Copy out the listing below exactly, please, and skip any pictures.

──────────

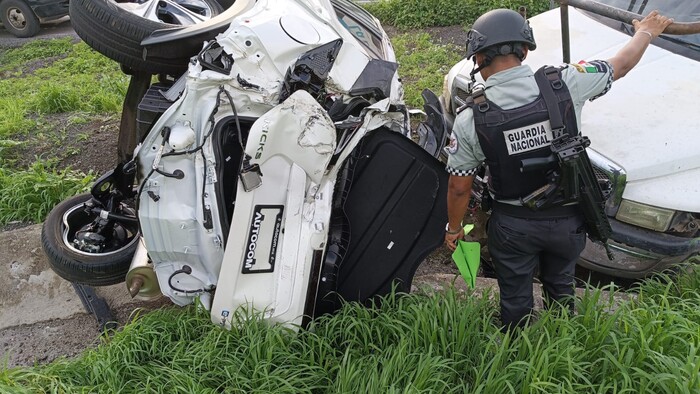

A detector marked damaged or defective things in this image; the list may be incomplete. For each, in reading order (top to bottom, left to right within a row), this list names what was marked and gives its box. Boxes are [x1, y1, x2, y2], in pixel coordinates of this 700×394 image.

overturned white car [41, 0, 448, 326]
shattered windshield [592, 0, 700, 56]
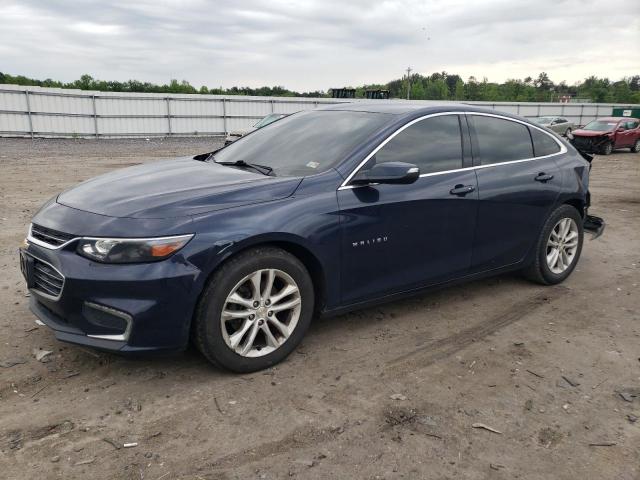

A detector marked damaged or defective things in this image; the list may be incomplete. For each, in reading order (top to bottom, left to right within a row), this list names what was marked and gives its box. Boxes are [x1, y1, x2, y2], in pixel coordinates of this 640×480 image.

damaged red car [568, 117, 640, 155]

──────────

== Expected answer ==
A detector marked damaged or defective things in this image; the list may be incomplete. For each, in reading order (top to bottom, left to right within a row), this list names what was marked and gives its box. Boxes are [x1, y1, x2, y2], in pixel coordinates of this 700×394 image.

overturned white car [41, 0, 448, 326]
shattered windshield [592, 0, 700, 56]

A detector marked damaged or defective things in this image; the list may be incomplete. For each, in reading order (top to bottom, left to right within a row), this list names what was marked and gives its box. Boxes are [x1, y1, x2, y2], in pixel coordinates of this 640×480 image.

damaged red car [568, 117, 640, 155]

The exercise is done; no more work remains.